If you could talk to your own skin, what do think it would say? Perhaps, “I’m thirsty – where’s the moisturiser?” Or, “More sunscreen, please!”
Your skin works hard for you, constantly renewing its cells – and while this process slows with age, there are things we can do to help it along. But first, it's important to understand where wrinkles come from.
ANATOMY OF A WRINKLE
First up, the building blocks of healthy, youthful-looking skin are collagen, which gives skin firmness; elastin, responsible for elasticity and ‘bounce’; and glycosaminoglycans (known as GAGs), which keep skin hydrated. From the age of 20, we start producing around one per cent less collagen per year; elastin production slows; and our skin thins and becomes more fragile. This ‘intrinsic’ ageing is inevitable but subtle.
However, there is also another type of ageing: ‘extrinsic’ ageing is the result of environmental and external damage. Think lifestyle habits, UV damage and exposure to pollution. It’s these factors that cause collagen and elastin to significantly diminish, resulting in sagging skin and wrinkles, along with brown spots, dryness and uneven skin tone.
WHAT YOU CAN DO TO PREVENT AGEING
It’s all about taking daily steps towards prevention! Shield your skin daily with a good SPF 50+ sunscreen, add an antioxidant, such as vitamin C serum, to bolster protection from UV rays and free radicals, plus try the following dermatologist-approved ingredients, cell-boosting treatments and complexion-perfecting tips, all proven to turn back the clock and fend off fine lines.
4 WAYS TO FEND OFF FINE LINES
1.REACH FOR RETINOIDS
Retinoids are vitamin A derivatives that include retinol and retinaldehyde (available over the counter) and trenitoin (a prescription medication). Scientifically proven to assist skin cell regulation, retinol is one of the most powerful topicals for preventing early signs of ageing, as well as helping to reduce the appearance of fine lines, wrinkles and discolouration. “Retinoids fight ageing, especially sun-related or photo-ageing, by promoting collagen production and also slowing collagen degradation,” says dermatologist Dr Karen Koh, from the Australasian College of Dermatologists.
2. PUT A RAINBOW ON YOUR PLATE
Studies have found that the polyphenols in green tea as well as lutein - a carotenoid found in leafy greens, broccoli and peas – can inhibit the natural enzymes that break down collagen. Meanwhile, phytonutrients in orange and yellow fruits and vegetables – oranges, pumpkin, carrots and orange capsicums – help improve skin vibrancy, while antioxidant-rich fruits – such as raspberries and pomegranates – contain ellagic acid, an antioxidant found to reduce collagen breakdown in animal studies.
3. POP ON PEPTIDES
Studies have found peptides noticeably improve the appearance of age or photo-damaged skin. “Peptides are composed of amino acids which can imitate the building blocks that make up collagen and elastin,” Dr Koh explains. “Some have been shown to stimulate collagen production. These can also assist in preventing or treating fine wrinkles.”

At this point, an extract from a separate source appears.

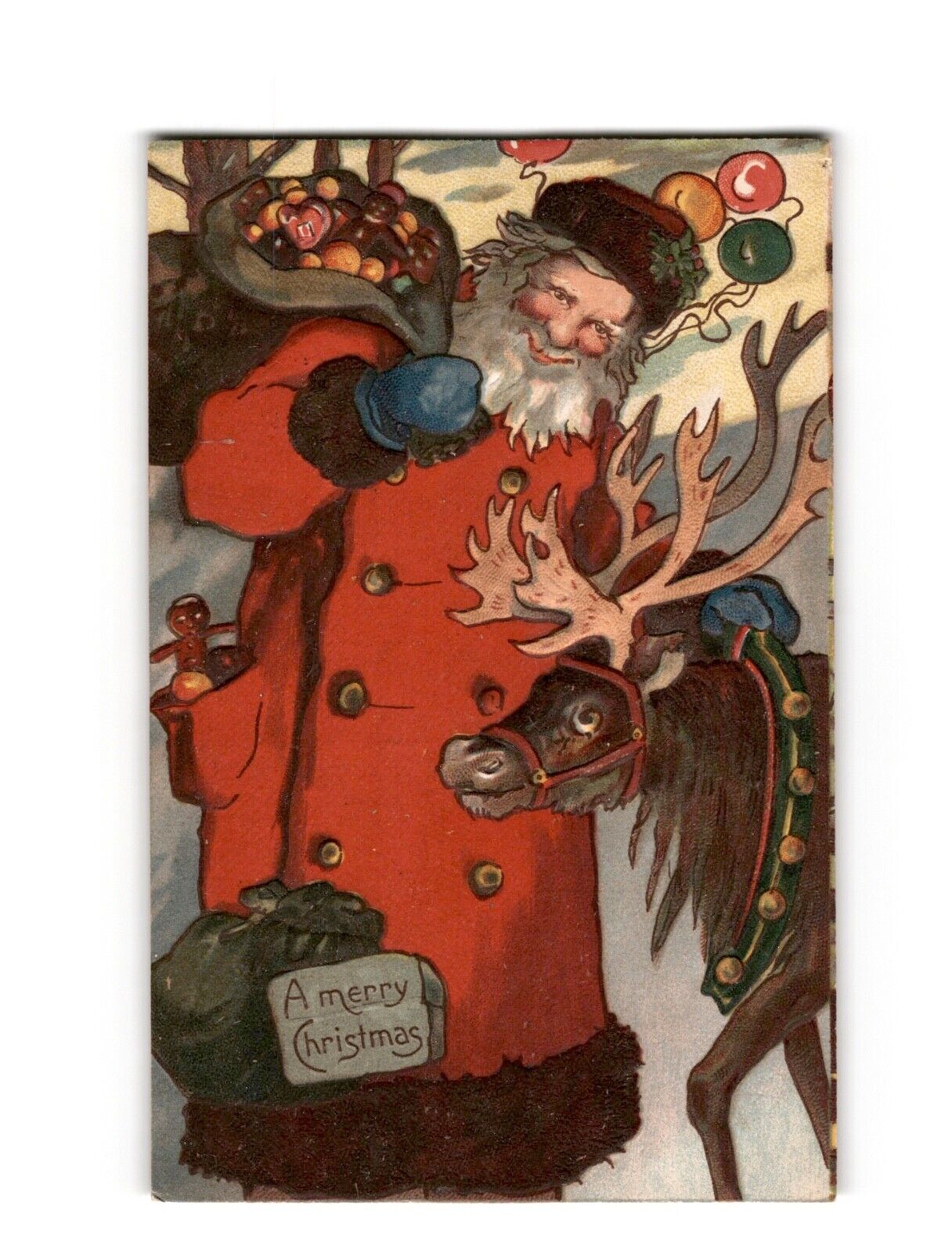 Antique Merry Christmas Santa Postcard - Embossed Vintage Holiday Collectible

4. ZAP WRINKLES WITH LASERS
Laser therapy works by heating the cells that produce collagen (the fibroblasts), thereby speeding up production, and also heating the collagen to ‘shrink’ it and make it tighter, explains dermal therapist Dr Giulia D’Anna. “This kind of laser is called non-ablative, as there is no removal of skin surface,” she explains. “The perfect thing about non-ablative laser is that it works from the inside out. Most people need around three to six treatments to really start to notice a difference, but this does depend upon how many wrinkles you have and also how deep they are.” Best suited to people with a fair to medium skin tone, you can expect to pay around $250 per session.